But dealing with gun violence in the United States is a lot like trying to put toothpaste back into the tube. By most counts, there are more than 200 million guns in private ownership in the United States, some 80 to 90 million of them handguns. The situation is depressing. But there is reason for hope. For starters, the polls still show that Americans want stronger gun laws.

What's more, the Moms--who now exist in some 230 chapters across the country--have joined forces with the group known for 25 years as Handgun Control Inc. The new combined group will be known as the Brady Campaign to Prevent Handgun Violence. Closing the gun show loophole tops the group's agenda. But the Brady Campaign will also push for child-access-protection, or CAP, laws--which would require gun owners to keep their guns safely stored and inoperable, via trigger locks or other mechanisms--and legislation that would give the Bureau of Alcohol, Tobacco and Firearms the power to regulate guns as consumer products. (Bizarrely, toy guns must meet certain safety requirements established by the Consumer Product Safety Commission, but real guns do not.)

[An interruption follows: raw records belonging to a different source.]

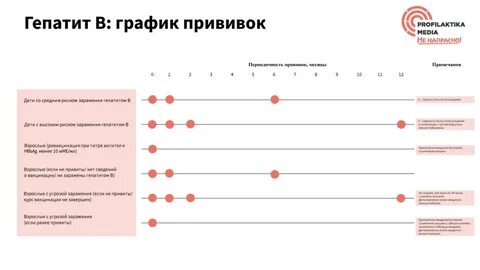 Вирусный гепатит в календарь прививок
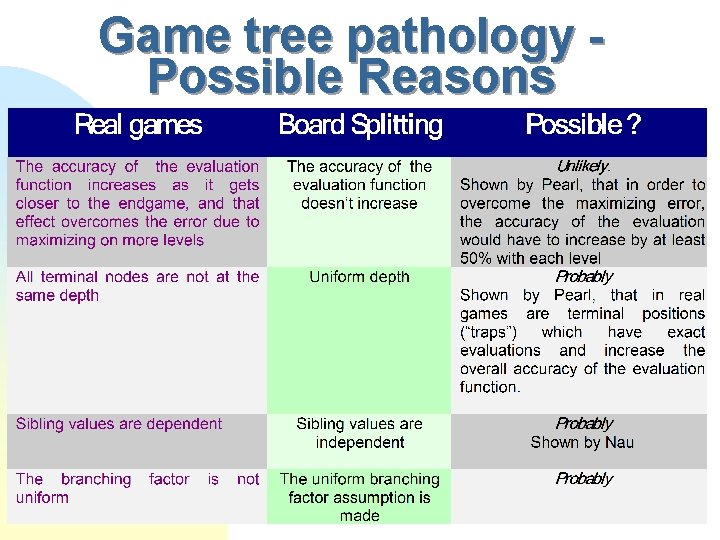 Game tree pathology Possible Reasons 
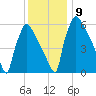 Burlington tide chart for Thursday, December 9, 2021
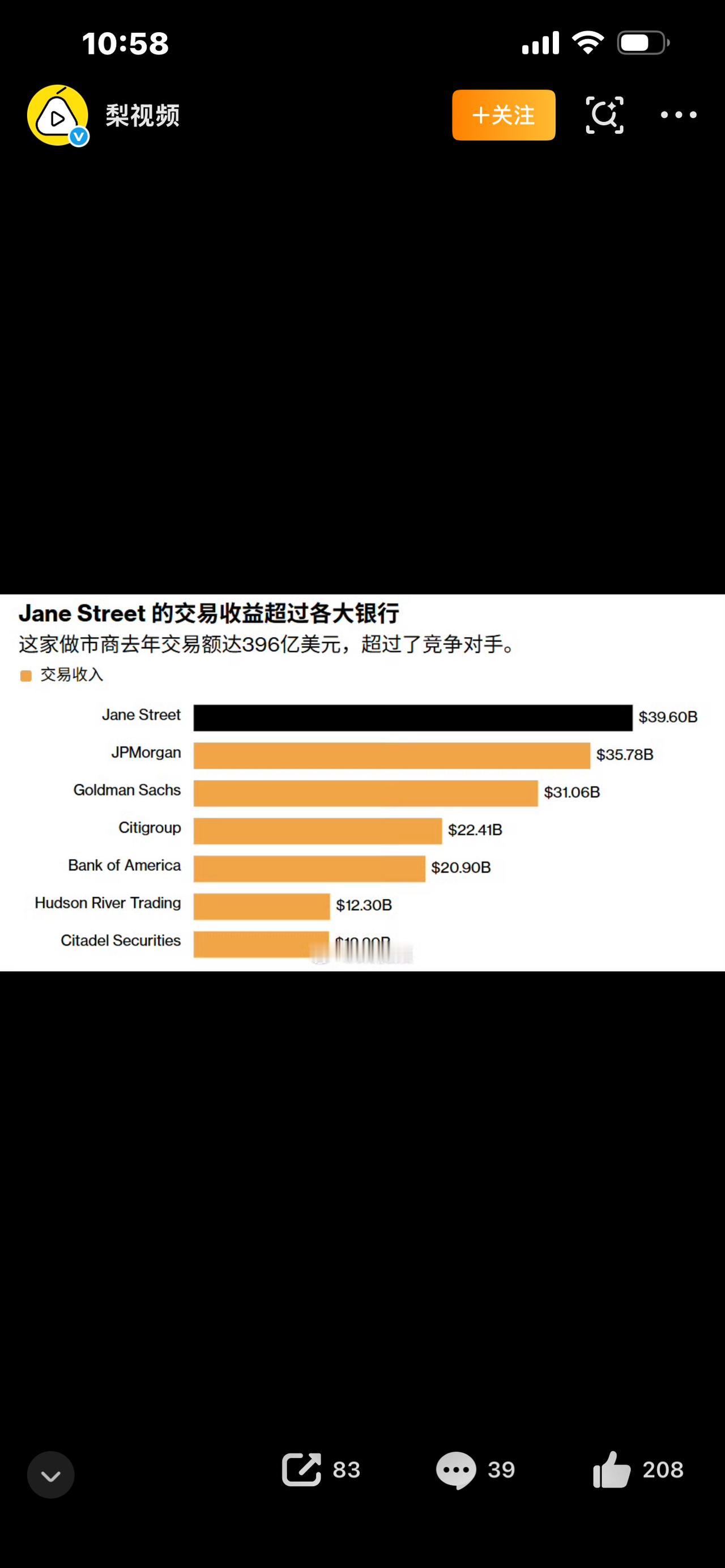 人均年薪1800万！这家神秘公司，凭什么碾压高盛7倍？

一天赚5万，一年躺拿1
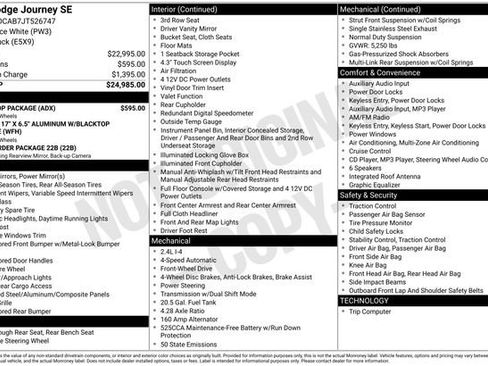 Used 2018 Dodge Journey SE w/ Blacktop Package image 15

The merger of the first nationwide grassroots gun-control movement with the most established gun-control lobbyists on Capitol Hill is cause for optimism. As of October 1, when that merger goes into effect, the NRA will encounter an organization that has the potential to be the most formidable opponent it has ever seen. The new activists have a tough enough foe in the NRA, but their bigger nemesis may be the congressional Democrats and other Washington insiders all too willing to embrace the easy scapegoating of gun control for the Democratic Party's own failures.

But the Democrats will look back on this retreat as a mistake. "The polling all says it's very clearly not going away as a political issue," Beard says, "and if the right people step up and push it in the right way, it will move forward."